The students went with a group of 20 Mexicans and came out tops among the 120 young participants between ages 13-17, specifically in the fields of robotics, tools for 3D printing in space, and the design of possible human settlements on Mars.
“We must believe in Mexico and in the education of its young people. I firmly believe the upcoming generations will make it possible to transform Mexico into a country of world-class space and satellite development,” the director general of the Mexican Space Agency (AEM), Javier Mendieta Jimenez, said.
The AEM, which has an educational agreement with NASA, sent representatives to Houston with teens from Tlaxcala – the state where the three winners come from – and from Monterrey and the Federal District.

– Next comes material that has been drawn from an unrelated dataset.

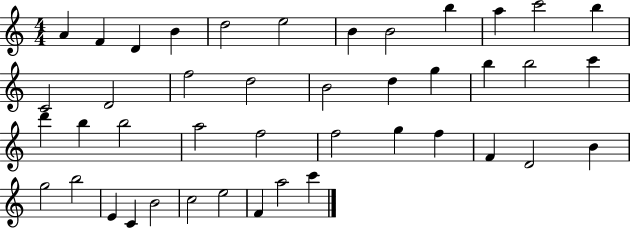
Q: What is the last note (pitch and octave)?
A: C6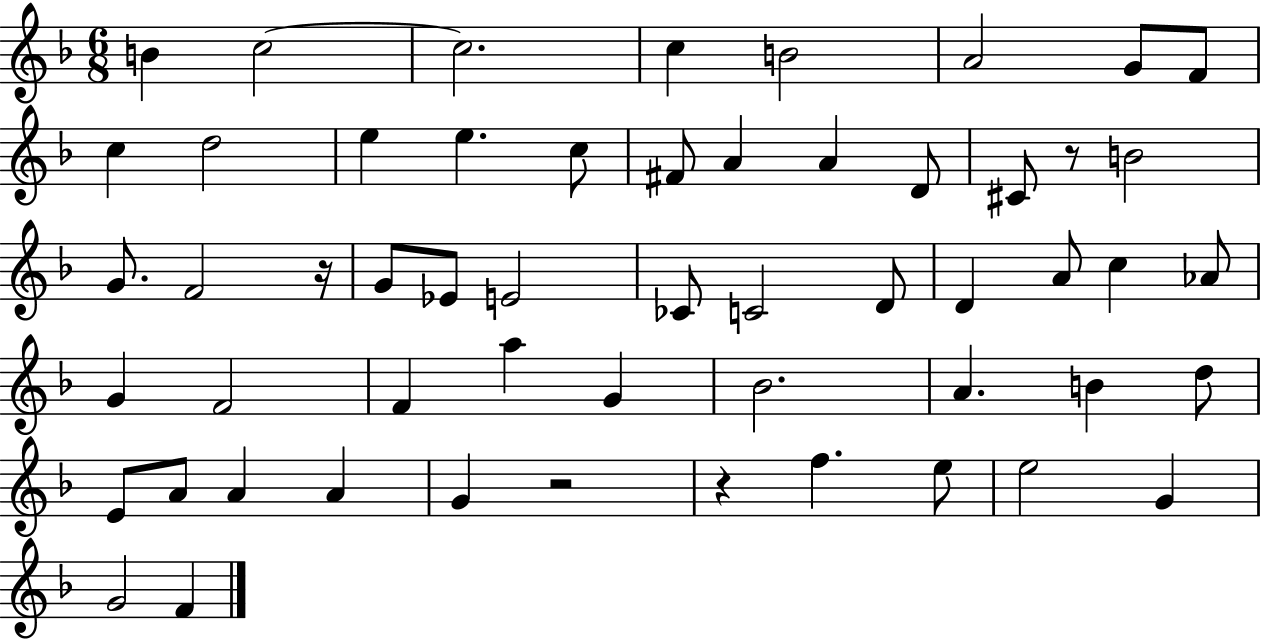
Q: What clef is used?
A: treble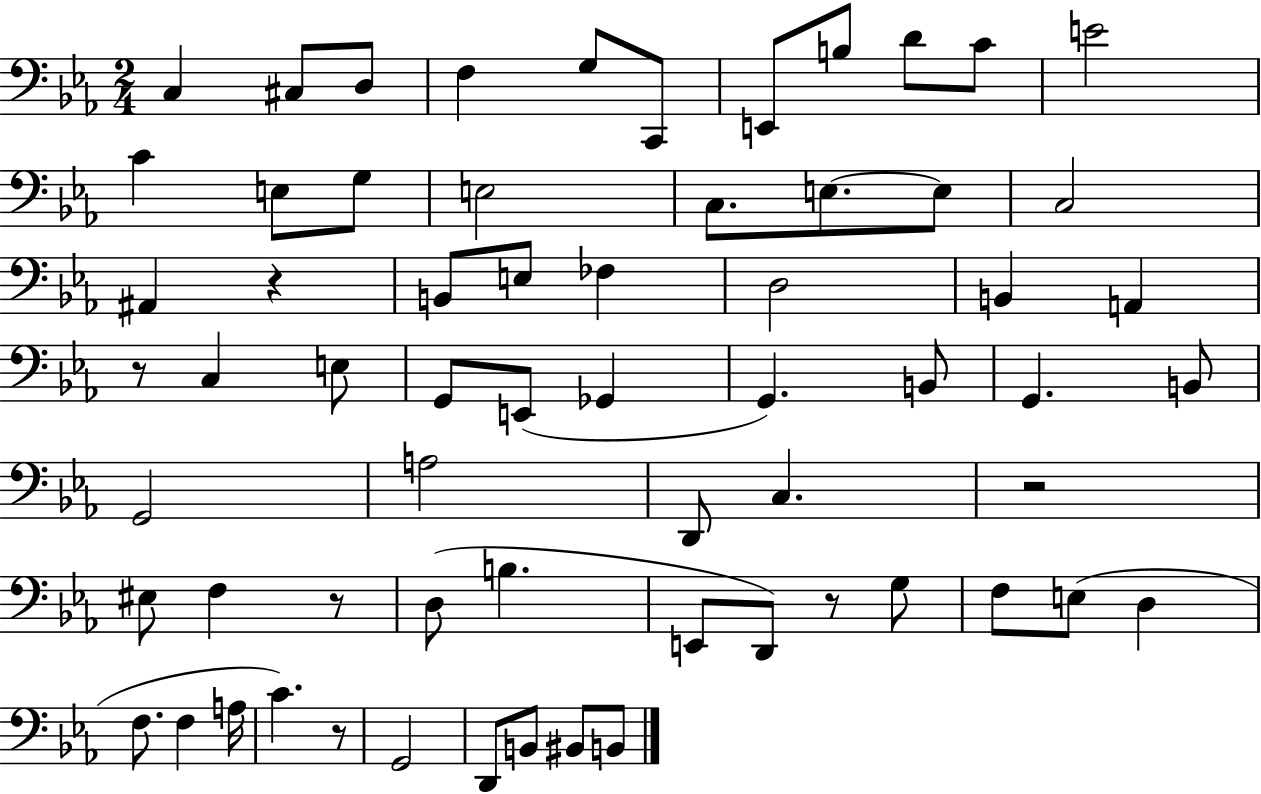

The winners were Javier Rivera Monter, 15, in robotics; Fatima Paola Vargas, 16, in the design of 3D printing tools for space; and Yanet Josefina Guevara, 16, in human habitat design for outer space.
Mendieta recalled that the spaceship Orion, in which NASA plans to send astronauts to Mars, has wiring and a system of harnesses developed by Mexican engineers.
At the Houston summit, young people attended teaching conferences given by NASA scientists, engineers and specialists about Mars, food and nutrition, and the spaceship Orion for planetary exploration.
The students designed human settlements that took into account the protection of the Martian environment, energy, water and its treatment, food, health, habitable and recreational areas, among other installations.
They also developed ways to place themselves in the Martian environment and imagine possible solutions for the problems that will face those attempting to establish a settlement on that planet.
The purpose of the NASA program is to find young talents from different parts of the world for its expeditions to Mars scheduled for 2030.